Use CAPTCHA or Challenge to verify prior token acquisition
You can use the rule actions solely to verify the existence of a valid token, at locations where legitimate users should always have one. In these situations, it doesn't matter whether the request can handle the interstitials.
For example, if you implement the JavaScript client application CAPTCHA API, and run the CAPTCHA puzzle on the client immediately before you send the first request to your protected endpoint, your first request should always include a token that's valid for both challenge and CAPTCHA. For information about JavaScript client application integration, see Amazon WAF JavaScript integrations.
For this situation, in your web ACL, you can add a rule that matches against this first call and configure it with the Challenge or CAPTCHA rule action. When the rule matches for a legitimate end user and browser, the action will find a valid token, and therefore will not block the request or send a challenge or CAPTCHA puzzle in response. For more information about how the rule actions work, see CAPTCHA and Challenge action behavior.
Protect your sensitive non-HTML data with CAPTCHA and Challenge
You can use CAPTCHA and Challenge protections for sensitive non-HTML data, like APIs, with the following approach.
-
Identify requests that take HTML responses and that are run in close proximity to the requests for your sensitive, non-HTML data.
-
Write CAPTCHA or Challenge rules that match against the requests for HTML and that match against the requests for your sensitive data.
-
Tune your CAPTCHA and Challenge immunity time settings so that, for normal user interactions, the tokens that clients obtain from the HTML requests are available and unexpired in their requests for your sensitive data. For tuning information, see Setting timestamp expiration and token immunity times in Amazon WAF.
When a request for your sensitive data matches a CAPTCHA or Challenge rule, it won't be blocked if the client still has a valid token from the prior puzzle or challenge. If the token isn't available or the timestamp is expired, the request to access your sensitive data will fail. For more information about how the rule actions work, see CAPTCHA and Challenge action behavior.

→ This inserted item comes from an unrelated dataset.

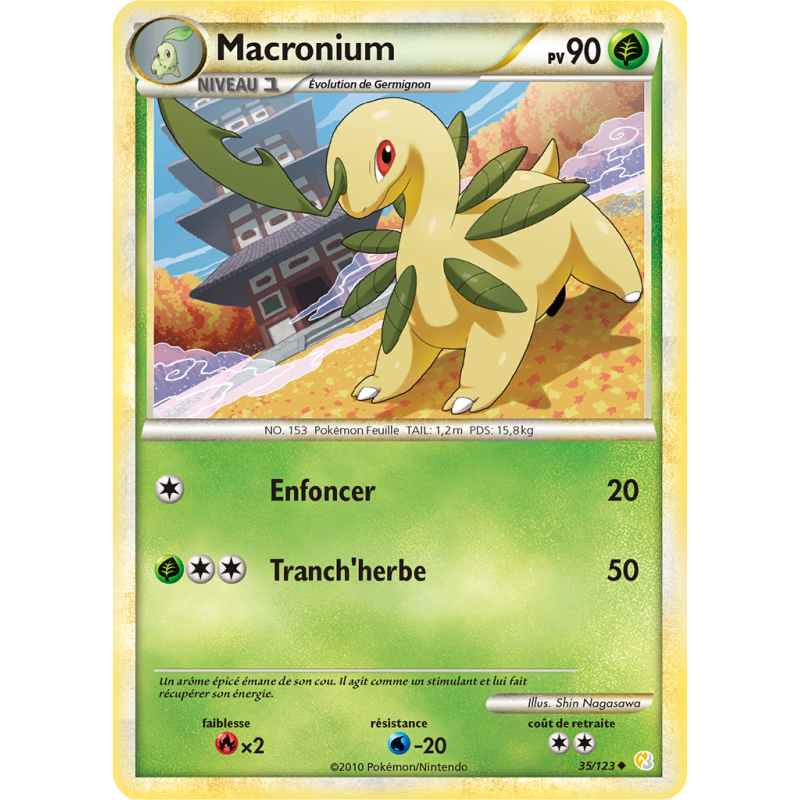 Carte Pokémon Macronium 35/123 Peu commune HeartGold & SoulSilver (JCC)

Use CAPTCHA and Challenge to tune your existing rules
Review your existing rules, to see if you want to alter or add to them. The following are some common scenarios to consider.
-
If you have a rate-based rule that blocks traffic, but you keep the rate limit relatively high to avoid blocking legitimate users, consider adding a second rate-based rule after the blocking rule. Give the second rule a lower limit than the blocking rule and set the rule action to CAPTCHA or Challenge. The blocking rule will still block requests that are coming at too high a rate, and the new rule will block most automated traffic at an even lower rate. For information about rate-based rules, see Using rate-based rule statements in Amazon WAF.
-
If you have a managed rule group that blocks requests, you can switch the behavior for some or all of the rules from Block to CAPTCHA or Challenge. To do this, in the managed rule group configuration, override the rule action setting. For information about overriding rule actions, see Rule group rule action overrides.
Test your CAPTCHA and challenge implementations before you deploy them
As for all new functionality, follow the guidance at Testing and tuning your Amazon WAF protections.
During testing, review your token timestamp expiration requirements and set your web ACL and rule level immunity time configurations so that you achieve a good balance between controlling access to your website and providing a good experience for your customers. For information, see Setting timestamp expiration and token immunity times in Amazon WAF.